▶ **Activity**
All of the listing is to be written out word for word, with the pictures left out.

*** Opening Listed entries ***

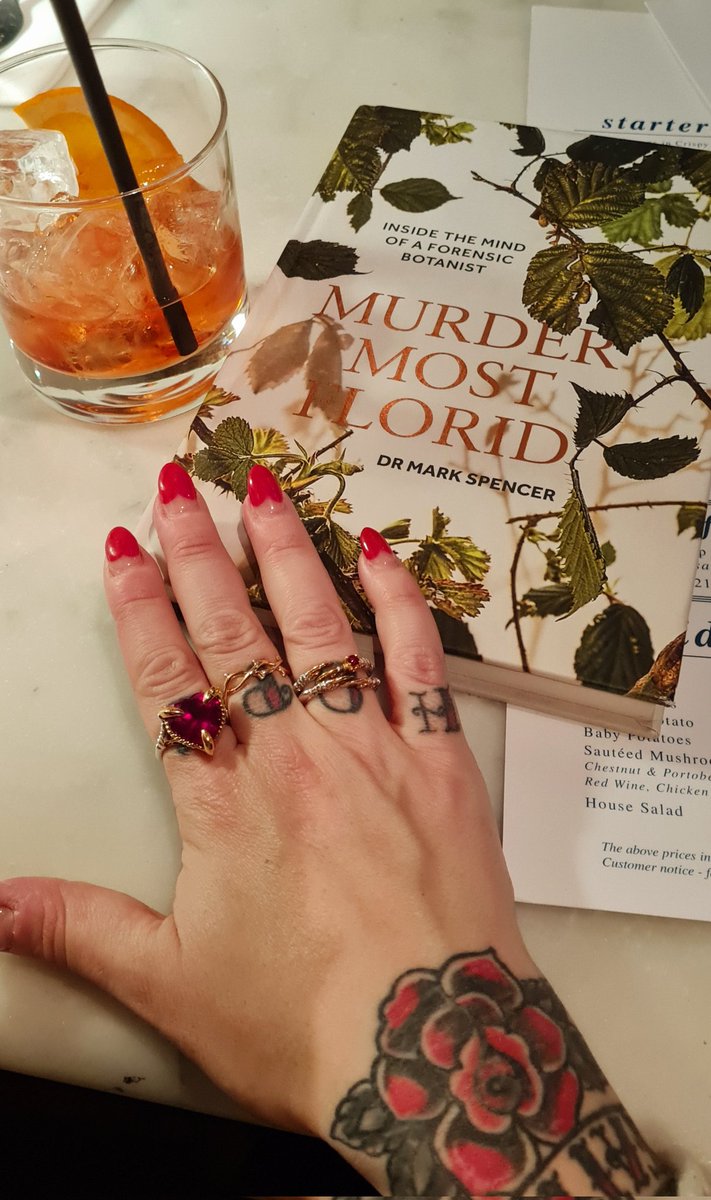 True love is a cocktail and a good book. I'm very much enjoying 'Murder Most Florid' by @fungi_flowers and the pun is just *chef's kiss* #ForensicBotany 🌿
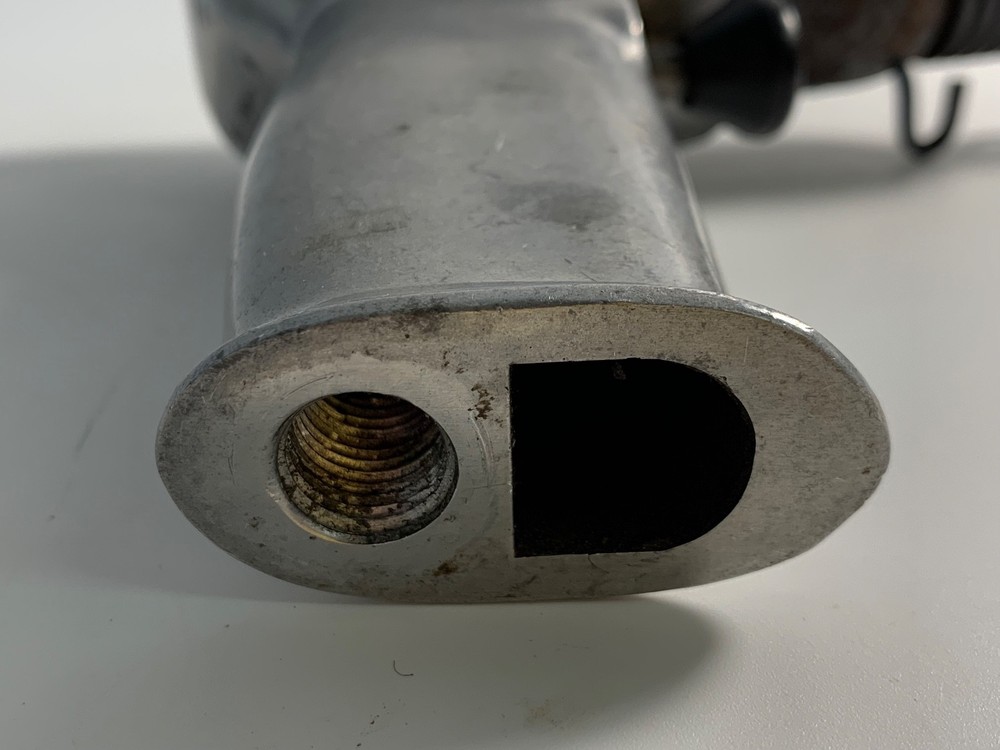 CAMPBELL HAUSFELD SHORT BARREL AIR CHISEL / HAMMER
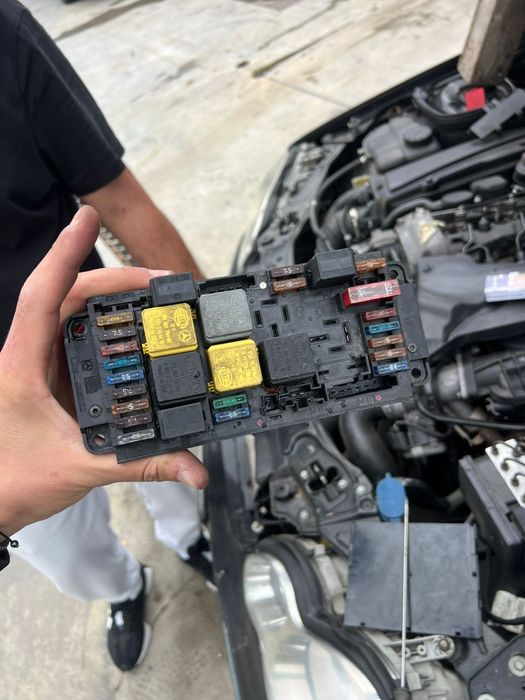 Electrician auto mecanic auto la domiciliu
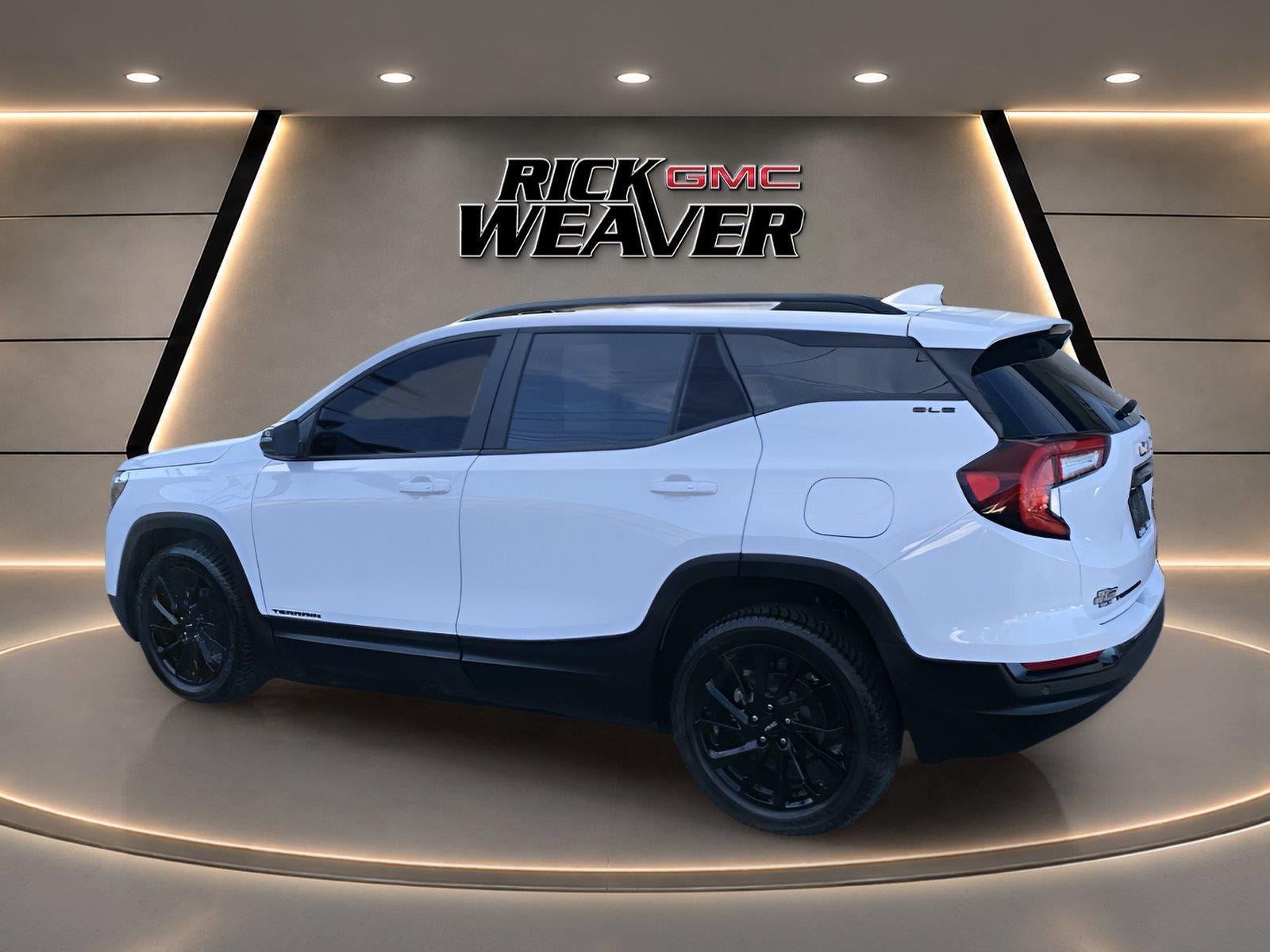 Used 2024 GMC Terrain SLE w/ Driver Convenience Package AWD/4WD image 3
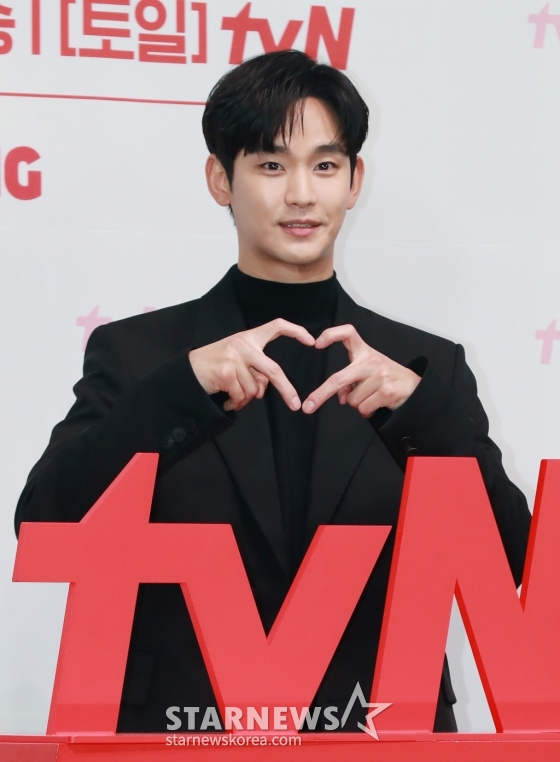 배우 김수현이 7일 오전 서울 라마다신도림 호텔에서 진행된 tvN 토일드라마 '눈물의 여왕' 제작발표회에 참석해 포즈를 취하고 있다. 퀸즈 그룹 재벌 3세인 '백화점의 여왕' 홍해인과 용두리 이장 아들인 '슈퍼마켓 왕자' 백현우 3년차 부부의 아찔한 위기와 기적처럼 다시 시작되는 사랑 이야기 '눈물의 여왕'은 오는 9일 첫 방송된다. /2024.03.07 /사진=이동훈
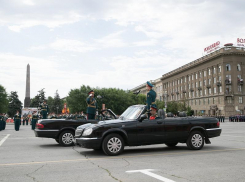В Волгограде прошел парад в честь 75-летия годовщины Победы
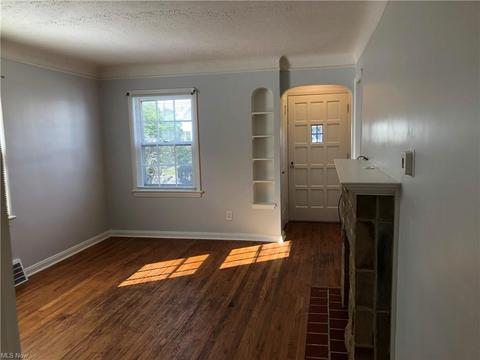 4715 Maplecrest Ave, Parma, OH 44134 photo 5
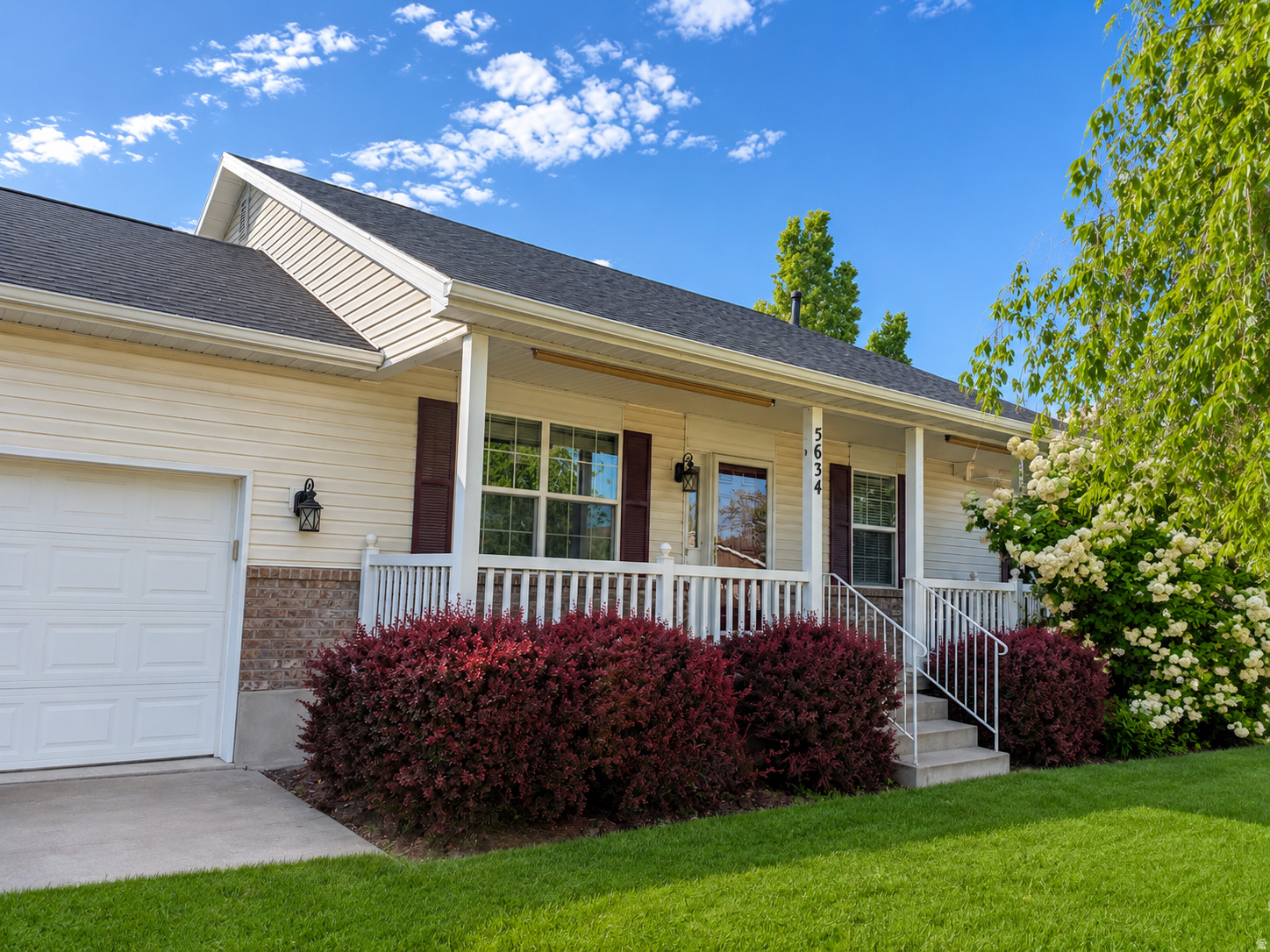 VILLAGES AT STANSBURY - Residential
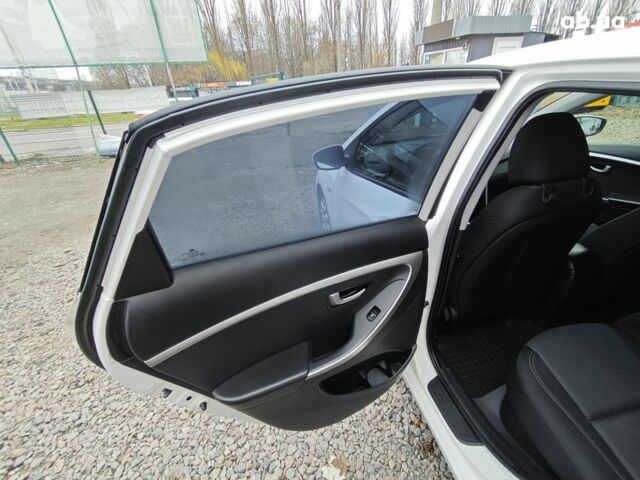Білий Хендай i30, об'ємом двигуна 0 л та пробігом 105 тис. км за 8400 $, фото 10 на Automoto.ua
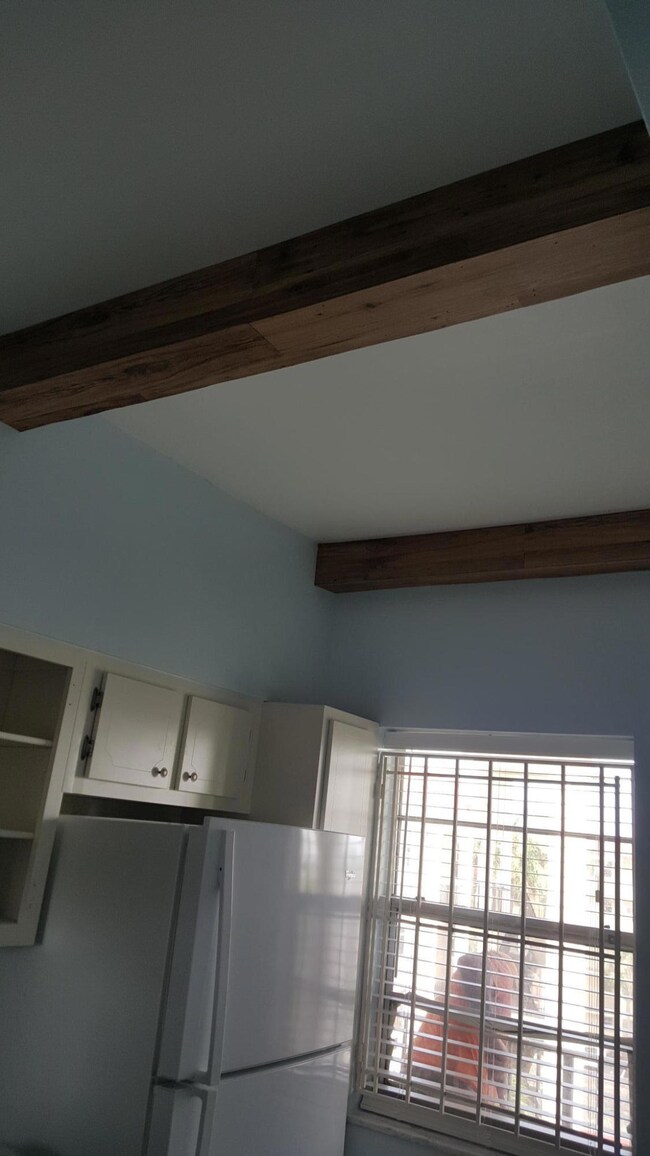 kitchen wood beams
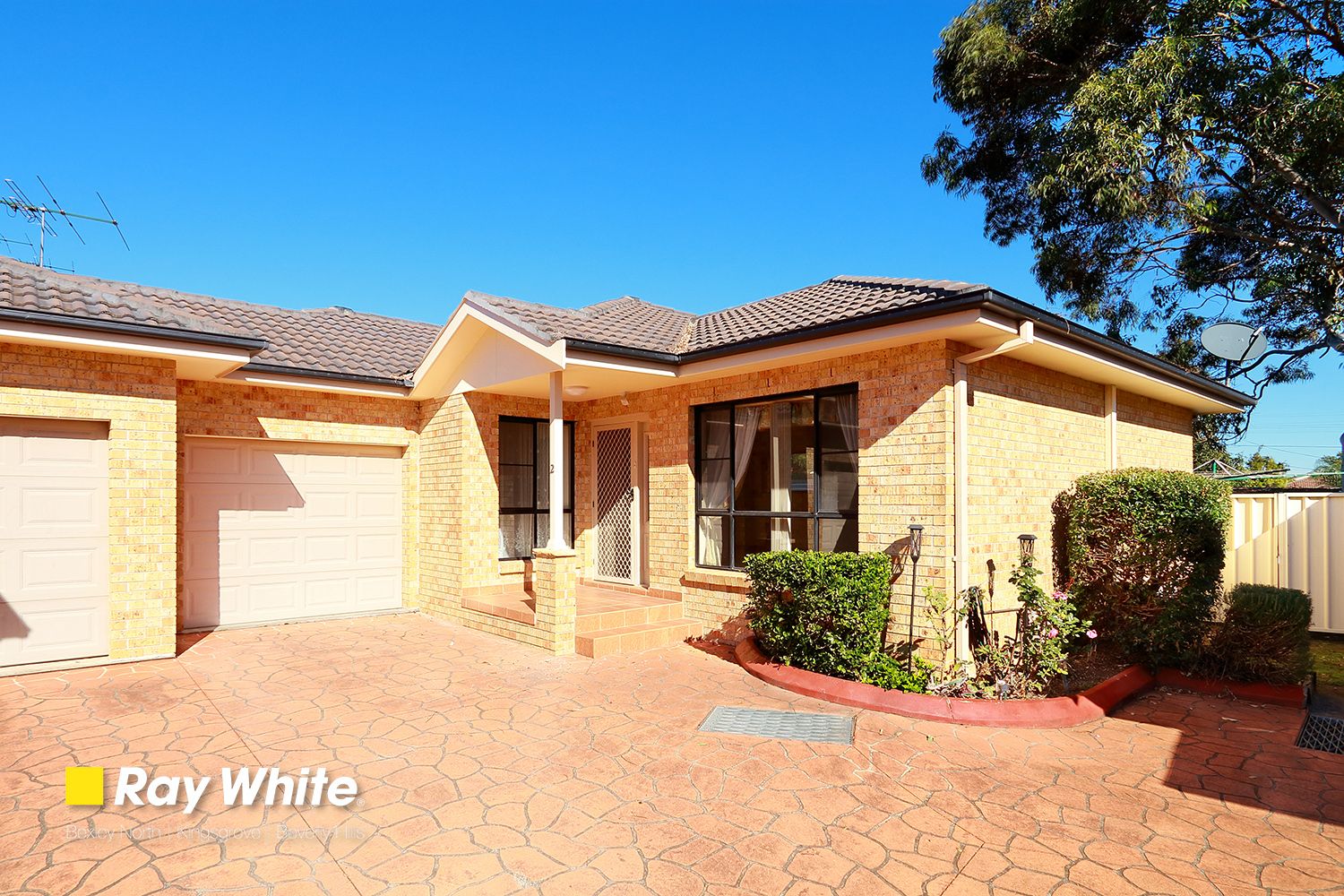 4 Iona Place, Bass Hill NSW 2197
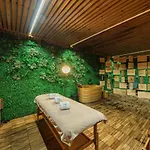 Design & Wine 4* 카민하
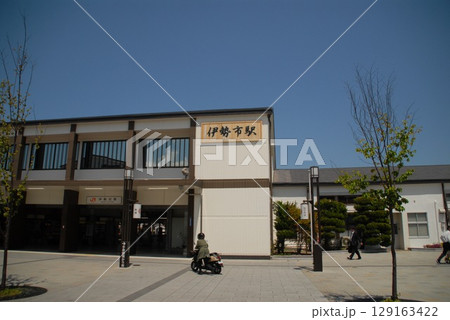 近鉄伊勢市駅前のモダンな駅舎と広場 129163422
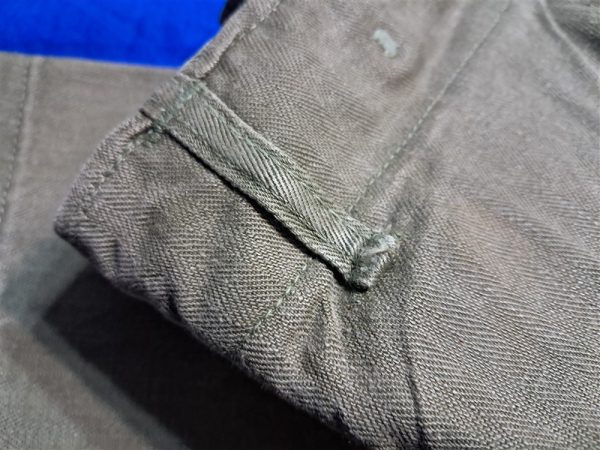 korean-war-battle-trouser-set-in-herring-bone-twill-construction-very-little-use-small-size-modified-world-war-two-pattern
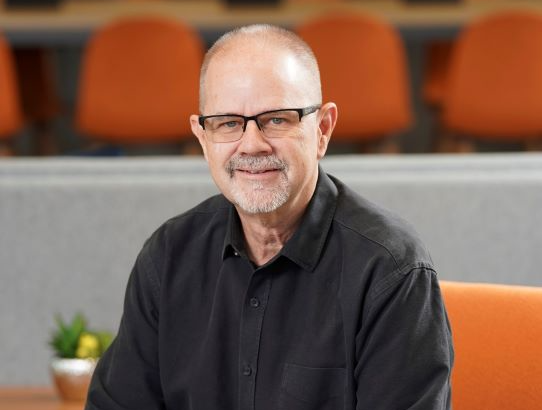 Headshot of Dave Stenger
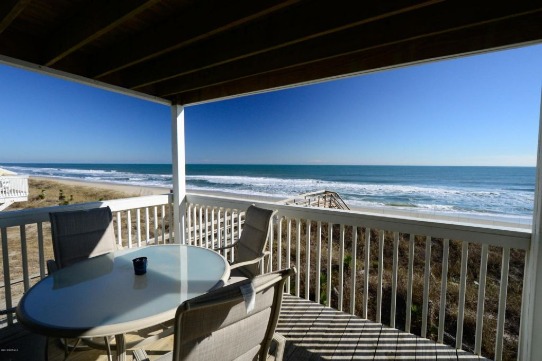 patio view of a wrightsville beach vacation rental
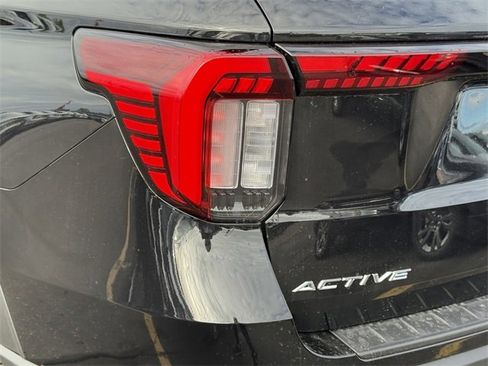 New 2026 Ford Explorer Active image 8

*** Closing Listed entries ***

▶ **Answer section**
 True love is a cocktail and a good book. I'm very much enjoying 'Murder Most Florid' by @fungi_flowers and the pun is just *chef's kiss* #ForensicBotany 🌿
 CAMPBELL HAUSFELD SHORT BARREL AIR CHISEL / HAMMER
 Electrician auto mecanic auto la domiciliu
 Used 2024 GMC Terrain SLE w/ Driver Convenience Package AWD/4WD image 3
 배우 김수현이 7일 오전 서울 라마다신도림 호텔에서 진행된 tvN 토일드라마 '눈물의 여왕' 제작발표회에 참석해 포즈를 취하고 있다. 퀸즈 그룹 재벌 3세인 '백화점의 여왕' 홍해인과 용두리 이장 아들인 '슈퍼마켓 왕자' 백현우 3년차 부부의 아찔한 위기와 기적처럼 다시 시작되는 사랑 이야기 '눈물의 여왕'은 오는 9일 첫 방송된다. /2024.03.07 /사진=이동훈
В Волгограде прошел парад в честь 75-летия годовщины Победы
 4715 Maplecrest Ave, Parma, OH 44134 photo 5
 VILLAGES AT STANSBURY - Residential
Білий Хендай i30, об'ємом двигуна 0 л та пробігом 105 тис. км за 8400 $, фото 10 на Automoto.ua
 kitchen wood beams
 4 Iona Place, Bass Hill NSW 2197
 Design & Wine 4* 카민하
 近鉄伊勢市駅前のモダンな駅舎と広場 129163422
 korean-war-battle-trouser-set-in-herring-bone-twill-construction-very-little-use-small-size-modified-world-war-two-pattern
 Headshot of Dave Stenger
 patio view of a wrightsville beach vacation rental
 New 2026 Ford Explorer Active image 8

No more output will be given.